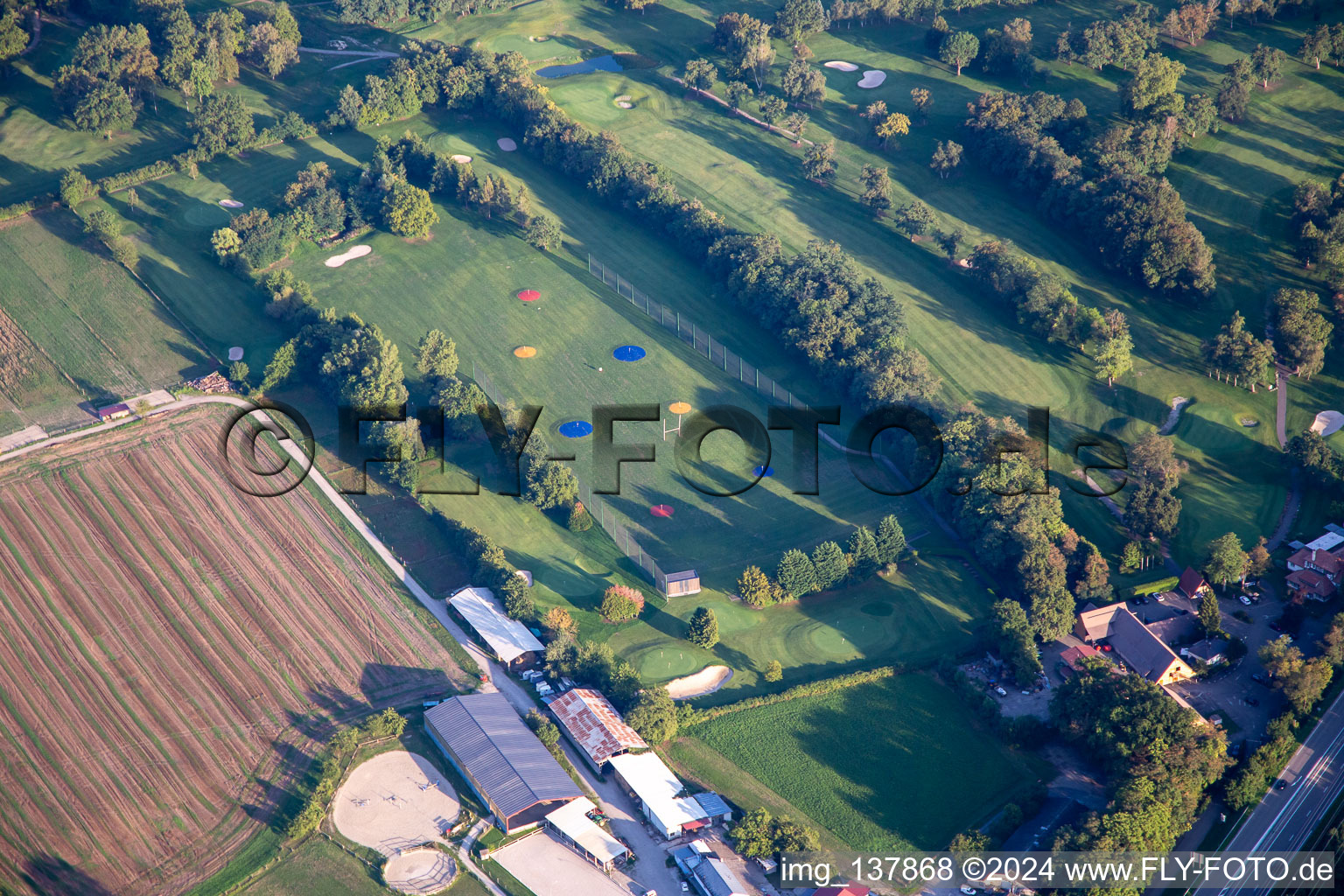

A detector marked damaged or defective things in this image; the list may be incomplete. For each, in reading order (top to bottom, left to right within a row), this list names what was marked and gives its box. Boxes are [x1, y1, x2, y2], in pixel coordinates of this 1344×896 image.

barn with rusty roof [548, 688, 648, 774]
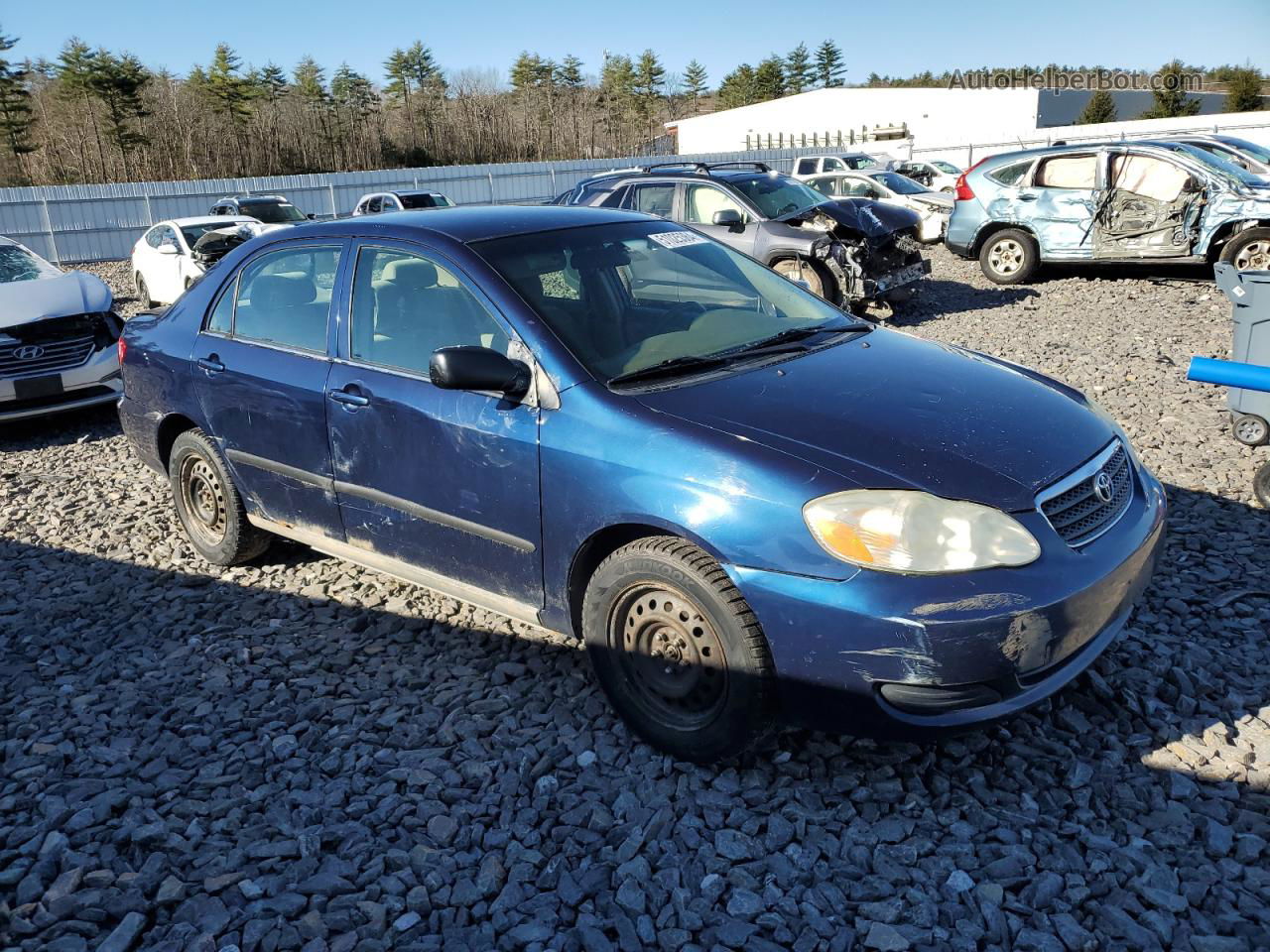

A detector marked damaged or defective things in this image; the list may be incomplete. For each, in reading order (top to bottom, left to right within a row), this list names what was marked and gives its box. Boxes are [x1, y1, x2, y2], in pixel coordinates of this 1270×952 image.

wrecked car [0, 237, 123, 423]
wrecked car [130, 215, 261, 305]
wrecked car [561, 162, 929, 313]
damaged front end [777, 201, 929, 309]
wrecked car [950, 141, 1270, 283]
wrecked car [116, 205, 1163, 767]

EXERCISE DIRECTIONS
When you repeat the lines above, keep them exact and leave out each image they contain.

EXERCISE SOLUTION
A detector marked damaged or defective things in this image; the list may be incomplete. For each, in reading order (top to bottom, left to right within a row), this list names what was marked and gives its box. Boxes are [x1, y1, x2, y2], in pixel coordinates of this 1344×896 image.

barn with rusty roof [548, 688, 648, 774]

A detector marked damaged or defective things in this image; the list may be incomplete. For each, in reading order (top to bottom, left to right within a row), this list names what was marked and gives its box. Boxes are [x1, y1, x2, y2], in pixel coordinates of this 1270×952 image.

wrecked car [0, 237, 123, 423]
wrecked car [130, 215, 261, 305]
wrecked car [561, 162, 929, 313]
damaged front end [777, 201, 929, 309]
wrecked car [950, 141, 1270, 283]
wrecked car [116, 205, 1163, 767]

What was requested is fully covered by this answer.